*To do:* Beginning with the line below that contains "Stainless Steel Hand" and ending with the line that contains "短发俏皮美女写真集电脑壁纸下载1,美女壁纸,清纯美女,唯美,清新,美女", copy every line exactly. Copy nothing else.

[Caption-style text data]
--------------------

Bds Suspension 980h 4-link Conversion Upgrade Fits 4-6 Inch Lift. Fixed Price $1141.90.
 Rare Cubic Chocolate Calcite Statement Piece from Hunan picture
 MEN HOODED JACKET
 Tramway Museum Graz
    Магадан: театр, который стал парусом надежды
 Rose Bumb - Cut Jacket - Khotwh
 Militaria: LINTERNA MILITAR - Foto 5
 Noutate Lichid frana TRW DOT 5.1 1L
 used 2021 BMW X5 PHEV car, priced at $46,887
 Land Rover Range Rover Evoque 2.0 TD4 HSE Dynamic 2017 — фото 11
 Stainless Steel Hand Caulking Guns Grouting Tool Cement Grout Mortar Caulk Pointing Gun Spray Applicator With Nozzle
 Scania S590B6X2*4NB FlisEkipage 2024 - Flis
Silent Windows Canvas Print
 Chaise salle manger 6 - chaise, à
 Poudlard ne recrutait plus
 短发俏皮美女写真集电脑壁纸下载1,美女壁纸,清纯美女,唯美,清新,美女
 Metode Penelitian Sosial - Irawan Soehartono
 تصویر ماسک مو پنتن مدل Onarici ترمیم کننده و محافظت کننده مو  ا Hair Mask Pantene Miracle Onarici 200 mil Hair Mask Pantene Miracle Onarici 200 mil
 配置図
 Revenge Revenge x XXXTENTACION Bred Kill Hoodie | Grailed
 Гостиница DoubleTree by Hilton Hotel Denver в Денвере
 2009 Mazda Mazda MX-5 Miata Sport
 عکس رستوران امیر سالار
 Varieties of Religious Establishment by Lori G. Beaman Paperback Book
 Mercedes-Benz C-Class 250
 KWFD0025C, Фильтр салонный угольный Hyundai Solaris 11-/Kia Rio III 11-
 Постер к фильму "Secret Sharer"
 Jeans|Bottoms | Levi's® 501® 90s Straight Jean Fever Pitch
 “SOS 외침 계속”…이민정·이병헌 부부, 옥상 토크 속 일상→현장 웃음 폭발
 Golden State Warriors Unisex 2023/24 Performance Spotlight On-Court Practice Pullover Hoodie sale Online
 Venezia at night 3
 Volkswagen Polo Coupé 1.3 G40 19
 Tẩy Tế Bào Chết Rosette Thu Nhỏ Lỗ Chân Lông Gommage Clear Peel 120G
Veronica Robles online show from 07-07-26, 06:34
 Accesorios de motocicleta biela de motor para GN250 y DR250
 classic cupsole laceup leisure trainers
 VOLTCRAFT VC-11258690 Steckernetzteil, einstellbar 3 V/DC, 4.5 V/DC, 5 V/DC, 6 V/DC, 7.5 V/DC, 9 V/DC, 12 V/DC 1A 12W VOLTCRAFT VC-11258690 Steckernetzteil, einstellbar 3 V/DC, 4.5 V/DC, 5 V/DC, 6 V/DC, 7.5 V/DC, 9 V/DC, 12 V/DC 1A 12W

--------------------

*Written answer:*
 Stainless Steel Hand Caulking Guns Grouting Tool Cement Grout Mortar Caulk Pointing Gun Spray Applicator With Nozzle
 Scania S590B6X2*4NB FlisEkipage 2024 - Flis
Silent Windows Canvas Print
 Chaise salle manger 6 - chaise, à
 Poudlard ne recrutait plus
 短发俏皮美女写真集电脑壁纸下载1,美女壁纸,清纯美女,唯美,清新,美女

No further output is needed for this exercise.